Laura Lee Harasym and André Péloquin-Hopfner are creative partners and life partners. Laura Lee is an established visual artist based in Manitoba. Her paintings are inspired by the warmth of life, motherhood and by André's landscape photography. André Péloquin-Hopfner is a multidisciplinary artist working in the realms of photography, digital art, and music. Together they inspire one another in many collaborative artistic endeavours.

Festival Echoes is a multi-piece art installation celebrating music, magic, natural beauty, and community spirit of the Winnipeg Folk Festival. Using natural materials and a mix of handcrafted and machine-aided techniques, the artwork features layered wood veneer compositions inspired by music and festival life.
Emilie is a multidisciplinary artist with a long history of exhibiting her work locally and abroad. Andrew is a mechanic and teacher who can build just about anything.

Flower Power is an immersive, interactive installation designed to transform a public space into a vibrant, wooden meadow. In this field, art isn't just something to look at — it’s an inclusive social catalyst. It is a playful and powerful nod to the way nature nourishes and heals us, allowing humans and art to merge into one colorful landscape. Groups of friends can pose together for a collective "bouquet" photo. Solo floaters can meet strangers in the field, sharing a moment of whimsy as they navigate the vibrancy of the installation creating memories that will live on long after the event ends.
Dharma Aguilar-Cardenas is a Winnipeg-based, first-generation Guatemalan multidisciplinary artist dedicated to creating inclusive, interactive experiences. Her practice is deeply rooted in the power of collaboration—a core value of her Guatemalan heritage that views community and partnership as essential paths to collective healing. Drawing from her diverse background in mental health services, painting, ceramics, and dance, Dharma explores the vibrant intersection of culture, nature, and play.
Bobby Ewanchuk is a Winnipeg based, interdisciplinary artist. He seeks to fill the world with colour and joy bringing light to wherever he goes. This passion is rooted in the perspective that colour can be used as a medium to heal elements of our lived world. His work as a Youth Woodworking Instructor has brought a lightness to his craft. He sees woodworking as a way to connect people to their creative selves and help them develop their confidence.

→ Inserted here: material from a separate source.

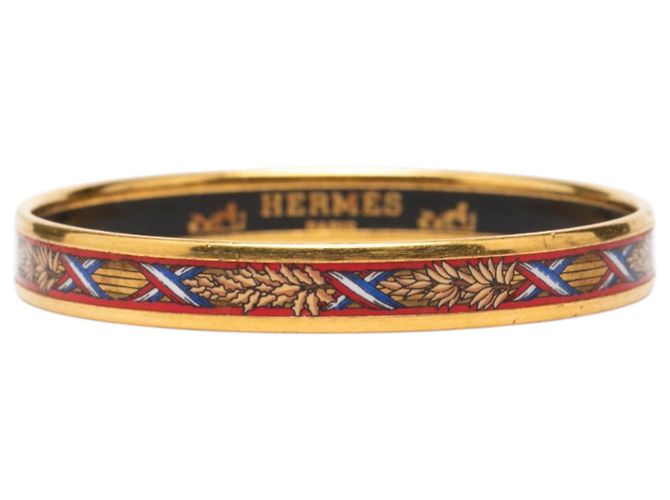 Hermès Red Narrow Liberte Egalite Fraternite Enamel Bangle 65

The Folk Fairy Tree returns as a whimsical gathering place celebrating connection, creativity, and the playful spirit of Winnipeg Folk Festival. Installed in a living tree, this interactive piece invites visitors to explore a miniature fairy world and take part in a shared exchange of art, wishes, and handmade treasures — all thriving under the prairie sun.
Darci Madlung is a multidisciplinary visual artist. Born in the mountains, Darci was inspired by local artists and nature. Her work includes painting and sculpture in a variety of mediums, collaborative public art projects and teaching in-studio, off-site workshops and kids art camps.
Janelle Lagasse is a two spirit Metis multidisciplinary artist from Manitoba whose work spans poetry, painting, photography, and spoken word. Rooted in her Indigenous heritage and inspired by the natural world, her art reflects themes of self-discovery, resilience, and connection. As a mother navigating personal transformation, Janelle creates to honour growth and invites others into spaces of healing and authenticity.

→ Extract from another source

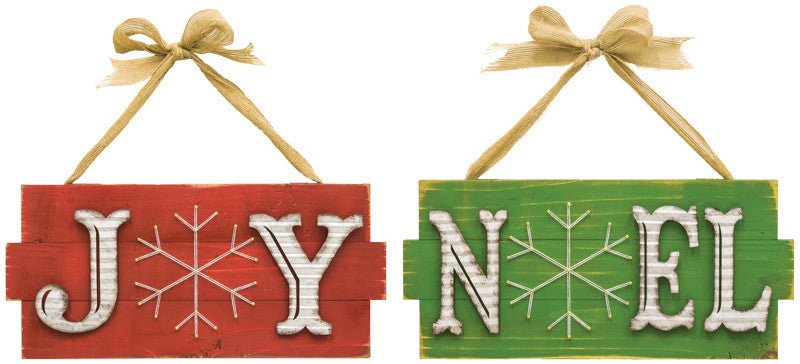 14" Joy/Noel Snowflake Hanger - HH28077-joy - The Wreath Shop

Designed as a tool for healing, mediation and contemplation, Labyrinth one continuous path leading to its center. The journey into the Labyrinth can be a metaphor for a journey into oneself in the search for wholeness of body and mind. It is an ancient symbol of self-discovery. Culleton works with the land to integrate the creating a new design each year. This year’s Labyrinth, in the shape of a sun, speaks to the renewal process that the prairie goes through every spring where the grass grows back, and the canvas is refreshed. Although Labyrinth is a physical undertaking, the reworking of the ground in that field has made it a sacred space for meditation and contemplation.
James Culleton is a Canadian contemporary multimedia artist and designer based in Saint Boniface, a city ward of Winnipeg, Manitoba. He specializes in blind-contour drawing and sculpture. His work has been exhibited across Canada and into the United States. Culleton received a BFA (Honours) from the University of Manitoba. Culleton produces mural art, oils and acrylics on canvas, blind contour drawings in ink and watercolor, as well as steel sculpture and multi-media installations.

A featuring Manitoba’s prairie and forest wildlife during sunset. Painted using an expressionist colour palette, and with a sense of wind and movement that reflects wild prairie life.
An artist from Manitoba, Julia Mark, creates colourful, quirky art that often features wildlife and animals. Graduating from the University of Manitoba with a Fine Arts Honours degree in painting, she then went on to pursue a career teaching high school Art. She's been involved in several public projects in Manitoba such as the “Bison on the Boulevard Project”.
Born in small town in Manitoba, Kerialee Friesen has always been drawn to nature, art, and words. She grew up scribbling short stories, poetry, and songs inspired by her inner world and the natural world around her. She creates sculptural and functional ceramics, paints abstract works, and needle felting. Her works have been shown at Forum Art Centre, Warehouse Artworks, 226 Gallery, and MAWA.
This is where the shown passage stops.